Le Film les derniers Parisiens est le premier long métrage de Hamé Bourokba et Ekoué Labitey, membres du groupe de rap La rumeur. « Les derniers Parisiens », c’est une façon de se revendiquer comme étant « les » véritables Parisiens, malgré des noms aux sonorités issues de l’immigration. De fait, une certaine idée de Paris se meurt ou survit parfois dans l’imagination émoustillée de touristes étrangers un peu naïfs. Pigalle, quartier canaille par excellence, là où les rabatteurs, les prostituées, les demi-sel frayaient dans une ambiance digne de pépé le moko. Pigalle s’embourgeoise et voit ses peep-shows devenir des bars à tapas ; ses bars à tabourets, des restaurants véganes pour yuppies encravatés… La fin d’un monde ?!…
Étant donné que les deux réalisateurs du film Les derniers Parisiens sont issus du groupe de rap La rumeur – un ensemble peu consensuel auteur de textes d’une radicalité sans faux semblants – on aurait pu s’attendre à une omniprésence de la violence. Pas du tout. Les auteurs réalisateurs, Hamé Bourokba et Ekoué Labitey, signent un film emprunt d’une mélancolie certaine, dont la poésie – sous des aspects un peu rugueux – est loin d’être absente. Un rythme calme est au service d’une caméra à la temporalité adaptée à l’observation des personnages. Grâce leur soit rendue de refuser de tomber dans le piège des lieux communs.
Dans le film les derniers Parisiens, Reda Kateb en Nasser et Slimane Dazi en Arezki sont à eux deux les éléments les plus positifs. Convaincants et incroyablement sincères, ils incarnent deux personnages complémentaires, un peu cabossés, insoumis, et sans grandes illusions…malgré une étincelle d’espoir. Incarnation de la lutte du pot de fer contre le pot de terre, ils assistent à l’écrasement de leur espace par le rouleau compresseur du fric omnipotent.
L’intrigue est simple. « Nas », c’est-à-dire Nasser, vient d’aligner 24 mois de zonzon, ce qui lui assure quasiment un statut d’homme auprès de ses copains, comme si cela était une initiation indispensable… N’ayant pas vraiment de lieu où se poser il atterrit chez son frère, Arezki, qui tient un bistrot à Pigalle, Le Prestige », où il gère un quotidien sans enthousiasme. Nas essaie de rebondir. Pas évident lorsqu’on a l’esprit rétif à toute forme d’autorité… accompagné d’une réaction épidermique à la pauvreté et à ses manifestations lisibles… Donc, pas d’ hésitation : il convient de se lancer dans le sacro-saint « business ». Il n’est pas certain que les anciens amis soient les meilleurs conseillers pour éviter de replonger, mais faute de grive….
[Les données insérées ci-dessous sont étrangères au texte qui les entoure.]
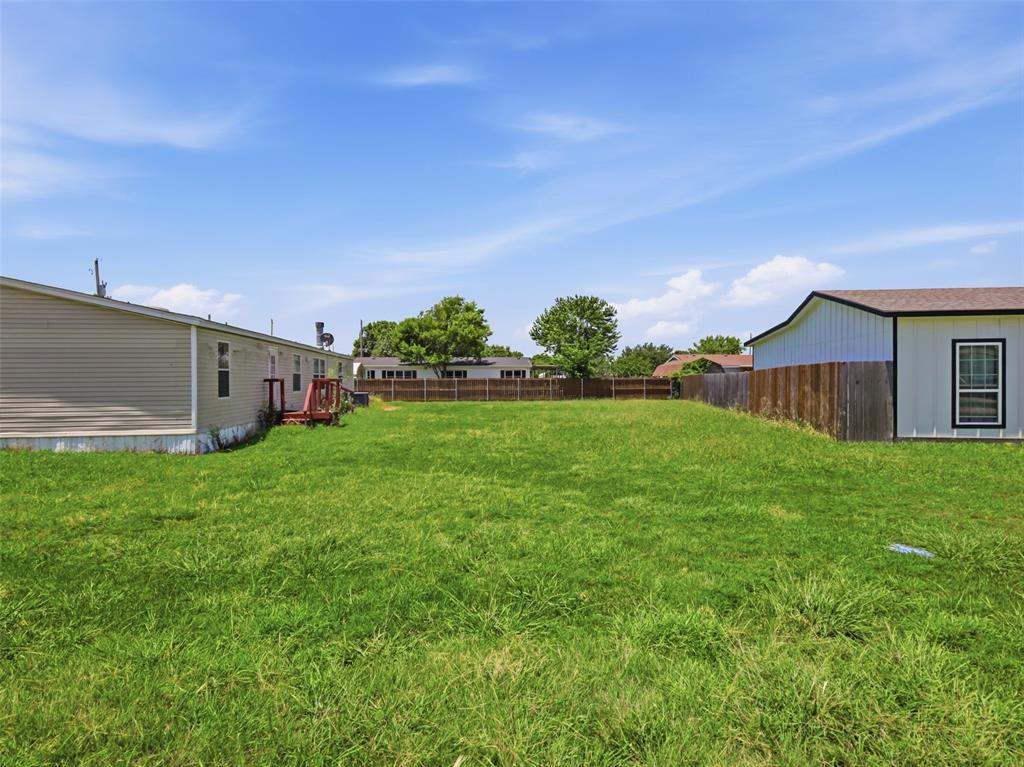201 Oak Street Blue Ridge, TX 75424 - Photo 7 of 35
Tout est bien mené dans Les derniers Parisiens. Cependant, cette fresque d’une étrange société, sur fond de musique rythmée et agréable, ne sonne pas toujours juste. Si la violence banale a été écartée, reste que les réalisateurs s’emploient à passer pour sympathiques des gens qui le sont peu, quelles que soient les raisons susceptibles d’expliquer leur malhonnêteté et leur vision peu réjouissante des rapports humains. Le spectateur ne peut s’empêcher de ressentir un certain malaise.
La relation qui lie les deux frères relève de la même incompréhension : tantôt neutre, tantôt tendue, il faudra une épreuve pour que surgisse une certaine noblesse. Enfin, on s’extrait de la fange pour retourner à un peu de lumière. C’est l’occasion pour l’acteur français Slimane Dazi de faire évoluer son personnage de manière étonnante, et si Reda Kateb est vraiment remarquable, c’est vers Slimane Dazi que se tournent des regards pleins d’admiration. Il est plus-que parfait dans ce rôle de quinqua usé et désabusé, aspirant à un peu de soleil et à une vie qui n’aurait rien à voir avec l’agitation festive et délétère de Pigalle.
Quelques rôles secondaires méritent aussi d’être cités, celui de Mélanie Laurent, malgré quelques notes dissonantes, Constantine Attia, le videur, plus vrai que nature et déjà vu dans le même rôle dans « Ça va pas être possible », Willy L’barge, convaincant dans la peau d’un escroc Africain « Lucrèce ».
Il vous appartiendra de vous forger une opinion. Pour le reste, forts de cette première expérience, Hamé Bourokba et Ekoué Labitey devront un peu affiner leur langage cinématographique. Mais habités par une énergie bouillonnante, s’ils persistent dans cette voie, ils pourraient fort bien nous surprendre dans les années à venir. Des Parisiens à suivre.